これが東京駅で売れる駅弁のベスト10? 「日経トレンディ」から

個人生活を刺激する流行情報誌の「日経トレンディ 2012年12月号」に東京駅にある「駅弁屋 祭」の売れ筋駅弁のランキングが10位まで掲載されていました。

「駅弁屋 祭」は、今年8月にオープンしましたが、11月の東京駅のリニューアルオープンもあり、連日、朝から大繁盛しているそうです。

「駅弁屋 祭」には、北海道から九州まで、全国の駅弁が集結しており、常時150種類以上揃えており、同店を経営する日本レストランエンタプライズ社によると「1日に8000個から1万個以上販売しており、常設の弁当屋さんでは、日本最大規模」だそうです。

東京駅内という立地から、客層は新幹線で出張するビジネス関係者や旅行者が中心で、自分用だけでなく、お土産として買われることも多いとか。

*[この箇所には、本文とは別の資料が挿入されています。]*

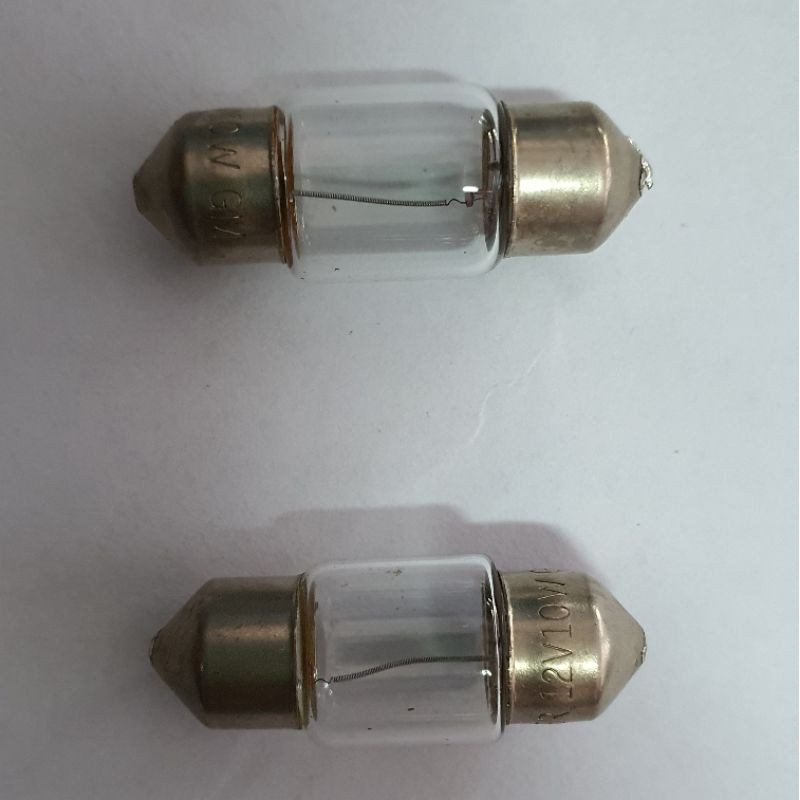 Lampu Plafon Mobil DR. D. Fischer 12Volt/10Watt, panjang 28mm atau 35mm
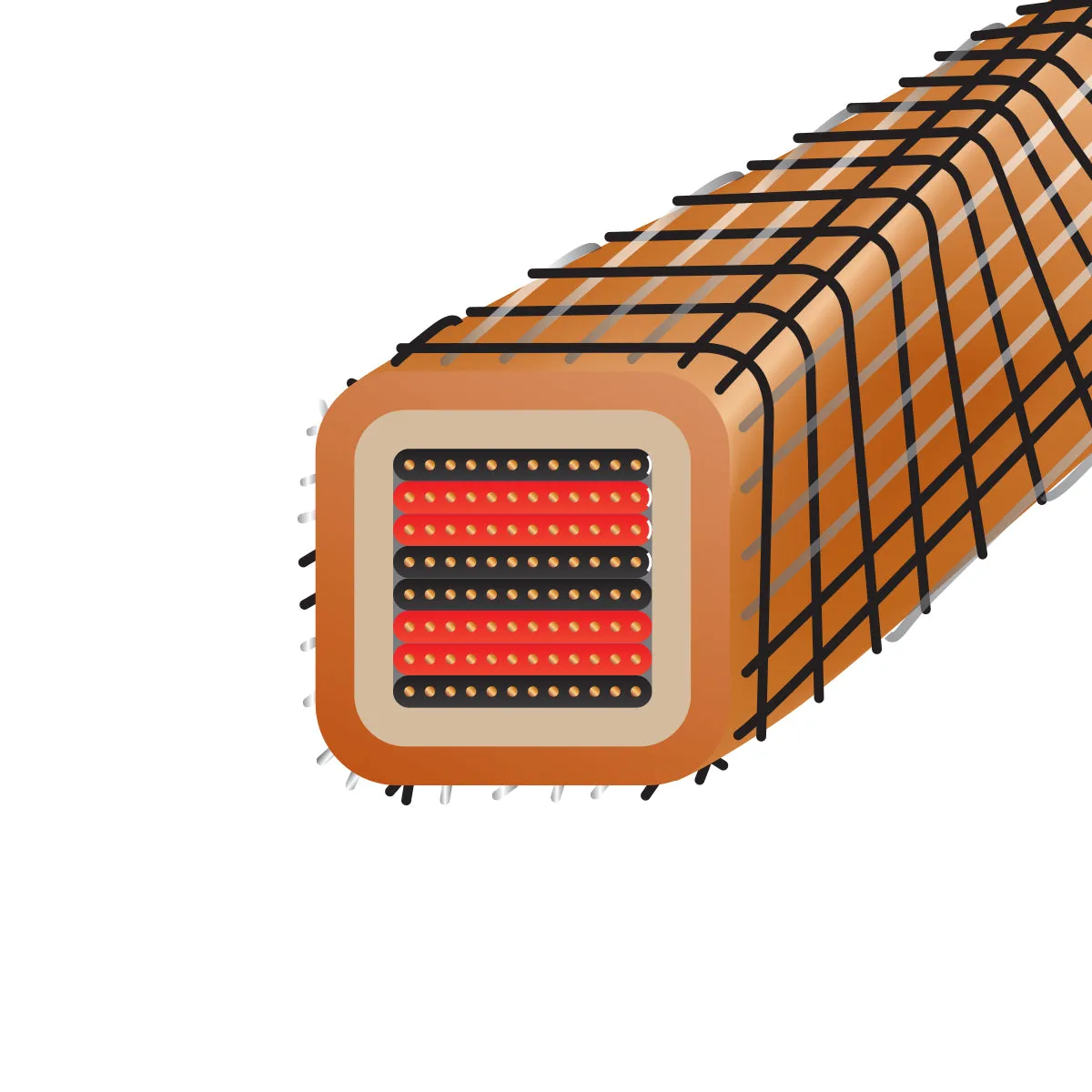 WireWorld Eclipse 10 Lautsprecherkabel Bulk 1,0m OCC-7N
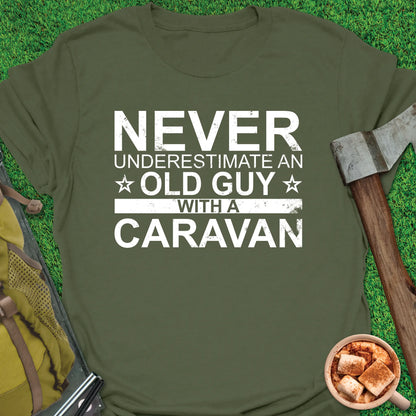 Old Guy With A Caravan T-Shirt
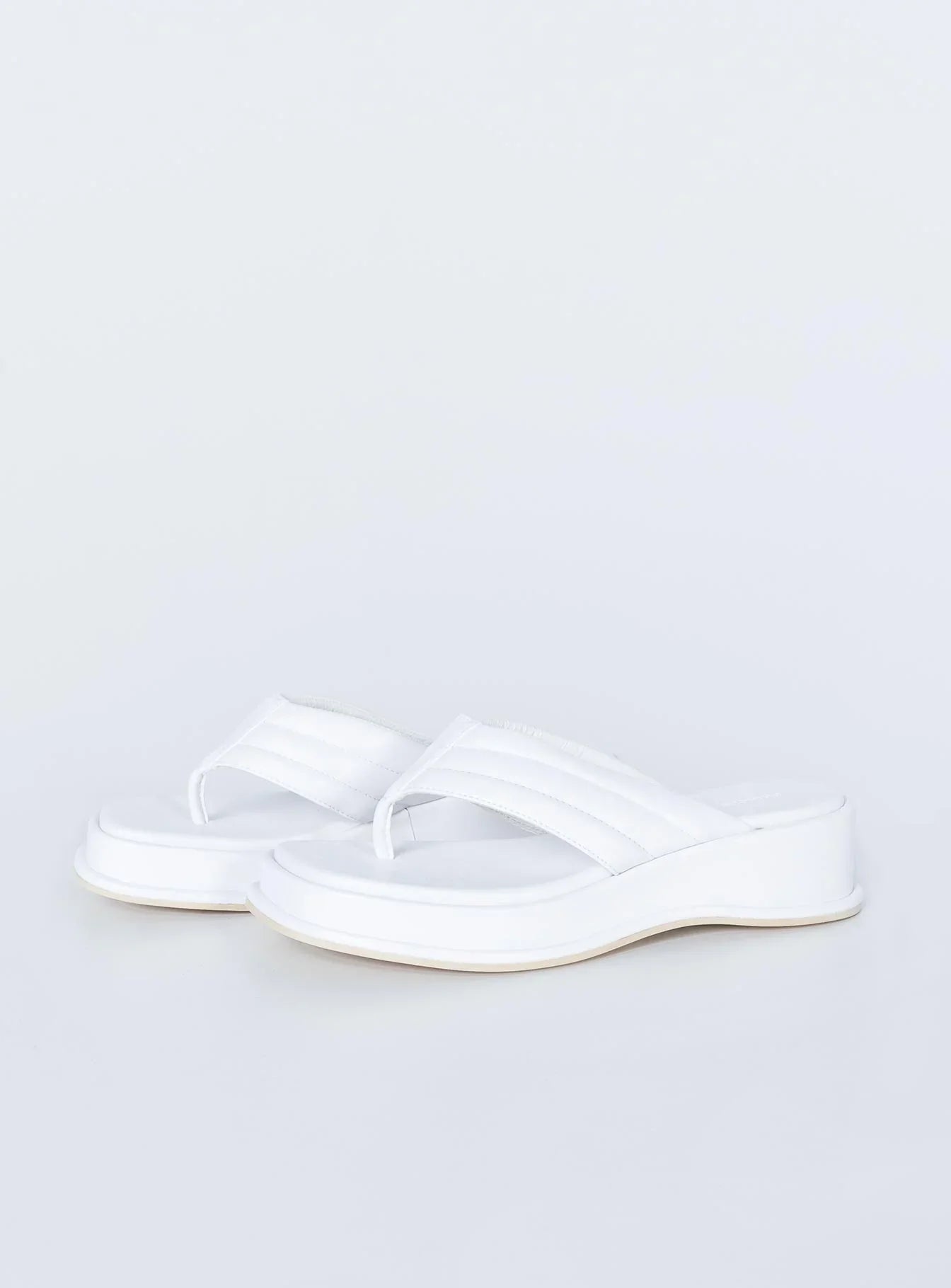Pump It Up Platforms White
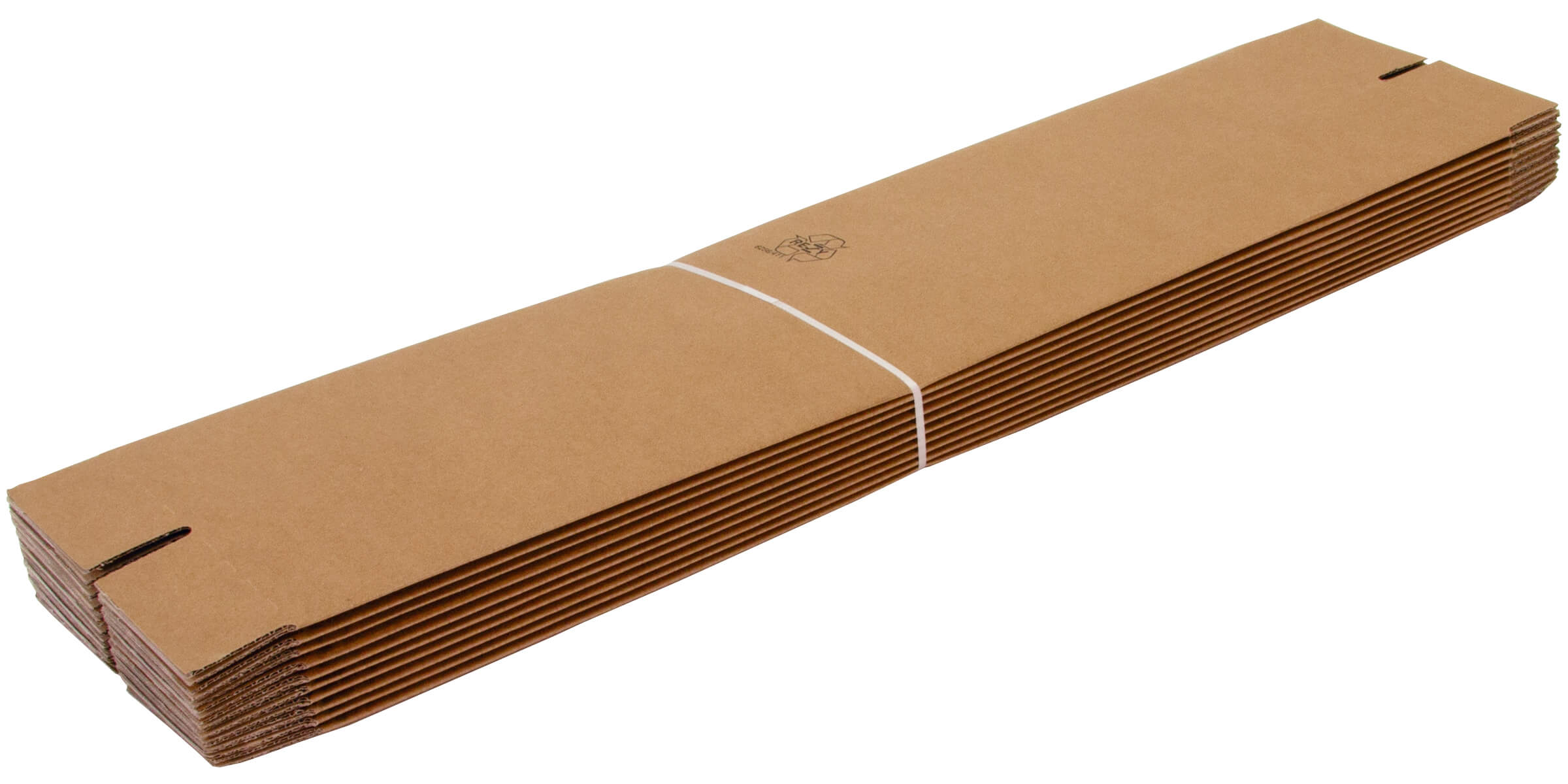 Wellpapp-Faltkarton 1-wellig, braun, Qual. 1.20, DIN A0 | 108 x 108 x 1000 mm (L x B x H) Innenmaß | VE = 25 Stk.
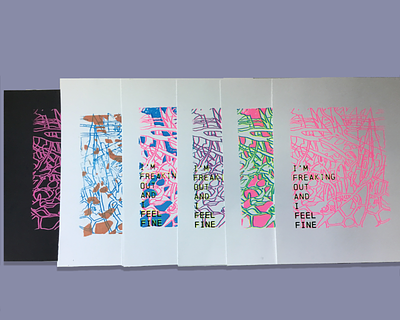 BFA poster series - I Feel Fine branding design graphic design illustration music typography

日経トレンディ12月号に掲載されている東京駅の駅弁ランキングは、「駅弁屋 祭」で2012年9月15日~23日に行われた駅弁大会の売上個数ランキングですが、大いに疑問があります。

駅弁名 メーカー 販売駅 値段
1位 牛肉ど真ん中 新杵屋 米沢駅など 1100円
2位 極撰 炭火焼き牛たん弁当 こばやし 仙台駅 1300円
3位 米沢牛炭火焼 特上カルビ弁当 松川弁当店 米沢駅 1500円
4位 海鮮小わっぱ NRE 盛岡 盛岡駅 900円
5位 宮城海の輝き 紅鮭はらこめし NRE 仙臺調理センター 仙台駅 1000円
6位 みやぎ黄金海道 こばやし 仙台駅 1000円
7位 黒毛和牛 すき焼き牛肉重 松川弁当店 米沢駅 1050円
8位 うにめし NRE 仙台調理センター 仙台駅など 1100円
9位 黒毛和牛 牛バラ肉焼き 松川弁当店 米沢駅 900円
10位 牛たん重はえぬき 松川弁当店 米沢駅 1150円

日経トレンディによると、売れ筋は牛肉を全面に押し出した「ガッツリ系の駅弁」だそうです。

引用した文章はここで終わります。